• [What to do]
Only one stretch of the data below is wanted: the lines from the one with "Ayudas para el Carambola" through the one with "Akemi Madras tweet media", repeated exactly.

• [Records provided]
- Opening Delimiter -

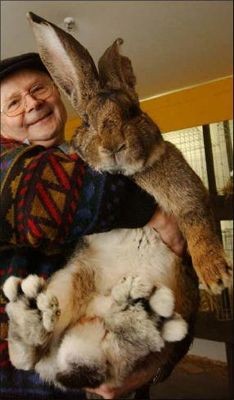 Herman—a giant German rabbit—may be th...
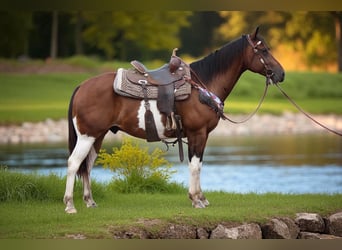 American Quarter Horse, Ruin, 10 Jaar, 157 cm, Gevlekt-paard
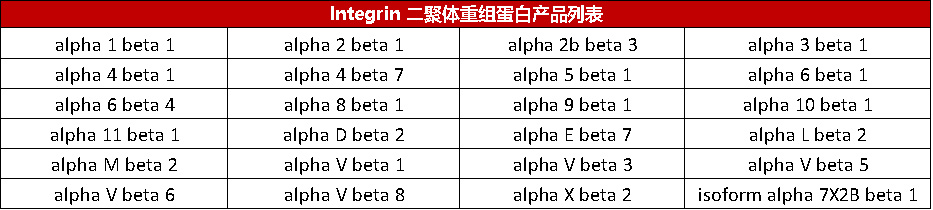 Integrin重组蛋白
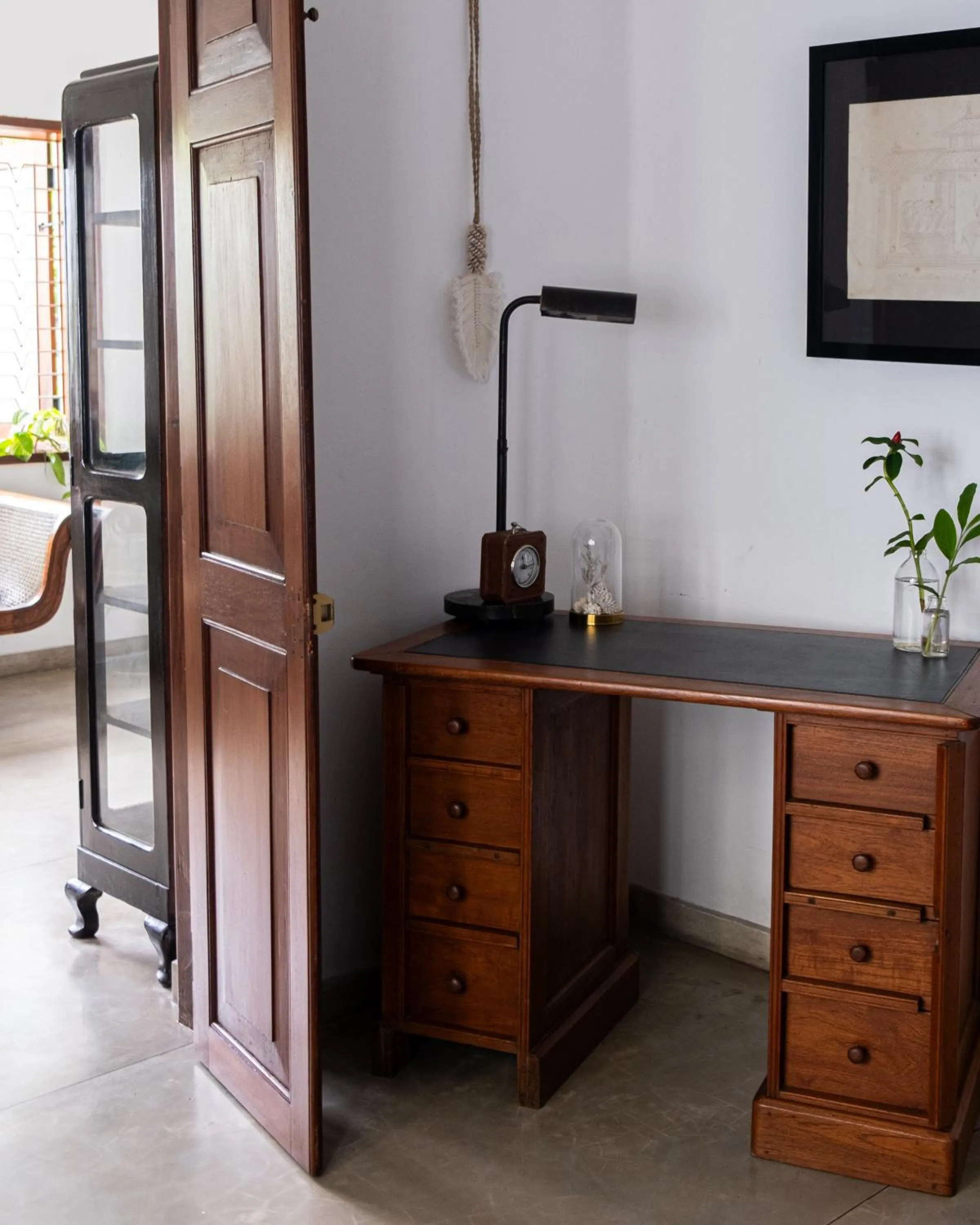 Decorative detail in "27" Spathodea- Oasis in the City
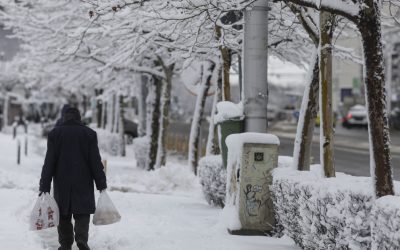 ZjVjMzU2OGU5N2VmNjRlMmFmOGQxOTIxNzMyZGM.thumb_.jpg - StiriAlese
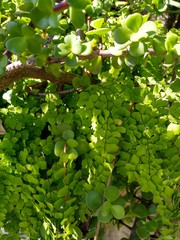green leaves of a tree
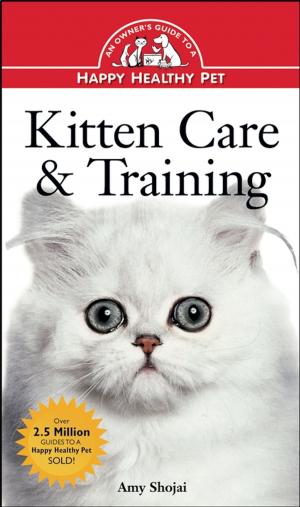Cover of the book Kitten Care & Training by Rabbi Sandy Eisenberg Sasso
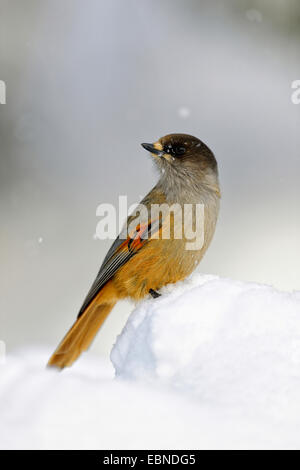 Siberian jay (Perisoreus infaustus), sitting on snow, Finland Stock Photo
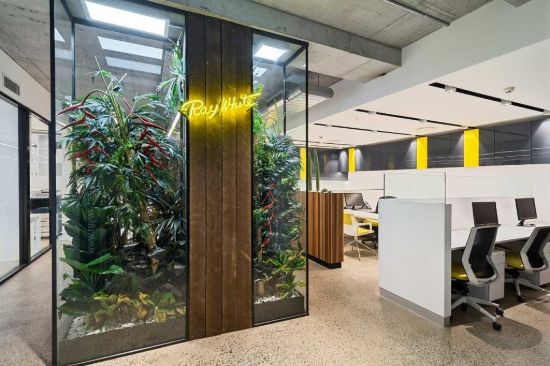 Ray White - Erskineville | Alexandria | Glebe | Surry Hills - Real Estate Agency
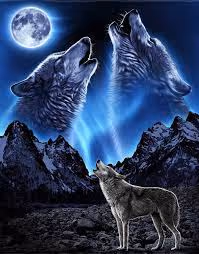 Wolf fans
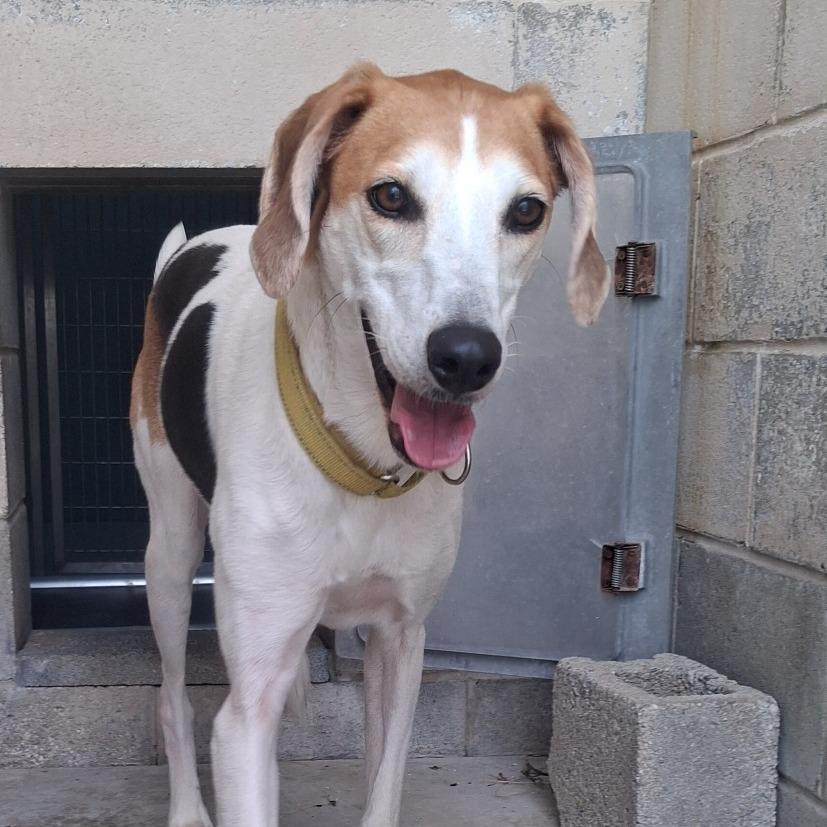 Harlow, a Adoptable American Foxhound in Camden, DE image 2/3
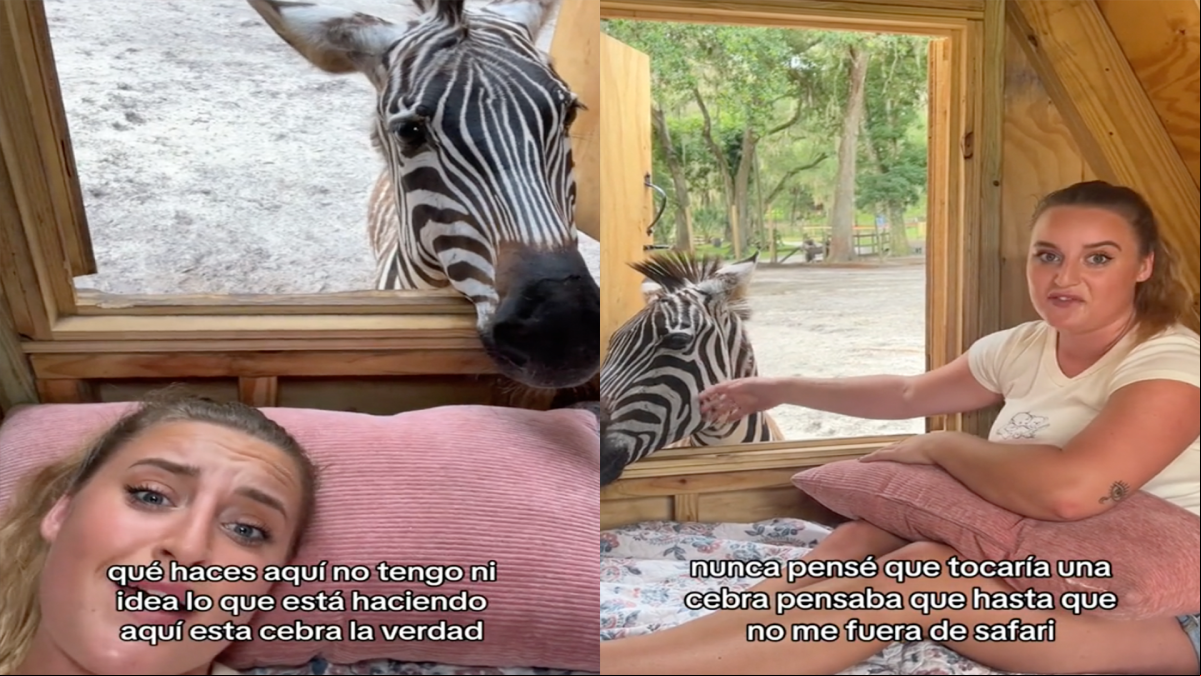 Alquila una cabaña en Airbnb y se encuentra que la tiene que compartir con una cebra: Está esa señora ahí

- Closing Delimiter -
- Opening Delimiter -

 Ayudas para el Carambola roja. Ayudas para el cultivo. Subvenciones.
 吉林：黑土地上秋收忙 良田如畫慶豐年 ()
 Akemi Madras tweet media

- Closing Delimiter -

• [Solution for this problem]
 Ayudas para el Carambola roja. Ayudas para el cultivo. Subvenciones.
 吉林：黑土地上秋收忙 良田如畫慶豐年 ()
 Akemi Madras tweet media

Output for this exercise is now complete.